Time of Death is slated for release this September. Currently it's working through the shadowy halls of the publisher, going through whatever dark rituals are required to make it a book. Sometimes I think of Kevin Bacon pledging Omega Theta Pi in Animal House when I imagine what a book goes through to be released. I imagine hooded figures in candlelit rooms flogging the manuscript…thank you sir, may I have another. Regardless, somewhere out there the first installment of Mel Rush's adventures waits to be sprung on the public. Hopefully it will be to at least moderate acclaim!
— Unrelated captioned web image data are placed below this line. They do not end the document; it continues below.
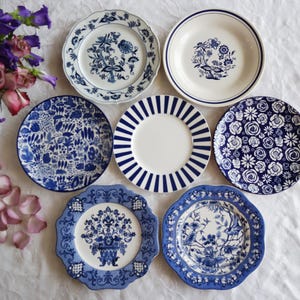 Blue White SALAD PLATES - Size 8.25&quot; to 9&quot; - Mismatched China - Sea Cottage French Country - Farmhouse Dining - Decor Mix - Priced Per Plate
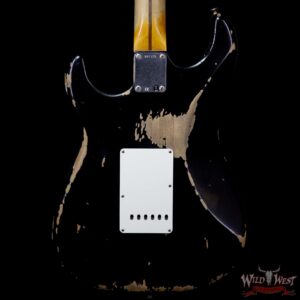 Fender Custom Shop 1957 Stratocaster Reissue Heavy Relic Maple Neck Black - Image 5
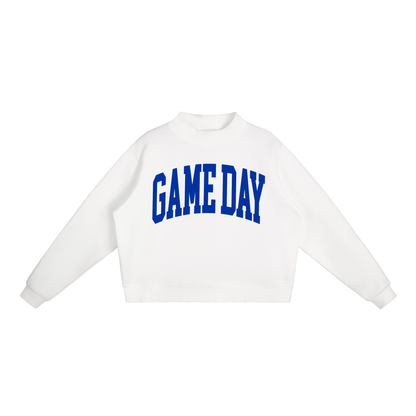 Game Day Mock Neck Sweatshirt in White with Royal Blue artwork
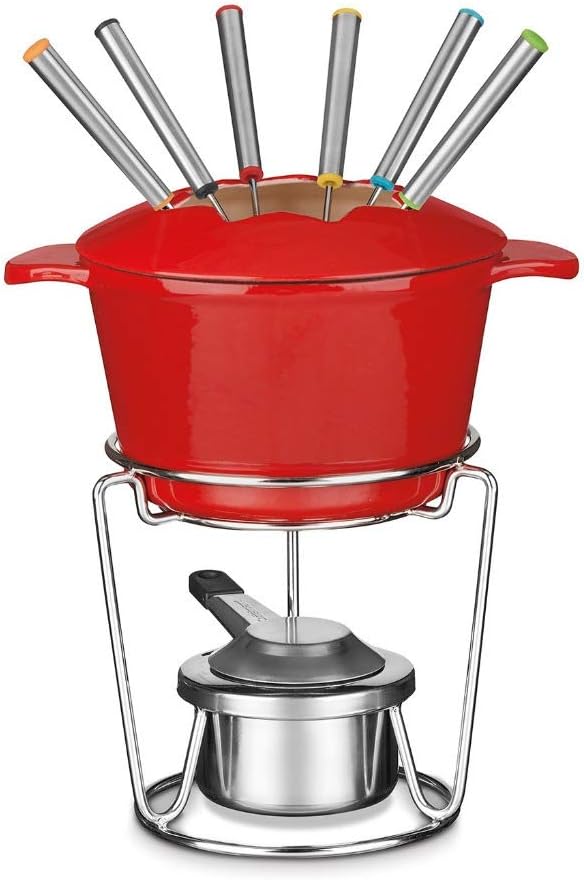 A vibrant red Cuisinart Fondue Pot & 13-Piece Cast Iron Fondue Set sits atop a dining table, surrounded by colorful ingredients and fondue forks. The cast iron pot, adorned with sleek stainless steel accents, exudes elegance and functionality. With its comprehensive 13-piece set and versatile cooking capabilities, this fondue set promises an interactive dining experience filled with camaraderie and culinary delight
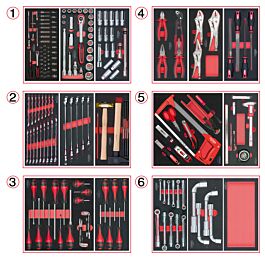 Composition d'outils 6 tiroirs pour servante, 202 pièces KS TOOLS - 714.0202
Indiana in February is a gray and gloomy place. Even someone like me, who loves the whole winter scene, gets a little burned out on slate-gray skies and bare trees by this time of year. I find myself checking the bed where we planted lilies last fall, looking for the first signs of life pushing through the soil. It's an over-eager impulse since the last frost date for Indiana isn't until early May. Still, there's a fluttering in my heart each time I look out the window at the swath of soil we worked last year. I hope the squirrels haven't undone most of our work!
Long before the lilies come up, though, will be the 'official first rite of spring' - morel mushroom season. In Indiana the season kicks off right around my brother's birthday, a handy reminder for me to get my hiking boots and best stick ready to prowl the ravines and woodlands. I am absolutely no good at this outdoor activity, not that I'm any sort of woodsman per se. My father has returned from his mushrooming haunts with garbage bags full when the fates align and there's a good season. Myself, I'm lucky to see a single mushroom (in fact I think that's my record in recent years). Still, there's been a lot of snow this year; if the weather doesn't turn dry we might be in luck.
That's the way things are going at the moment. I will provide you further updates on the book's progress as September draws nearer and I hope to have my second manuscript ready for hard editing within the next month. Wish me luck!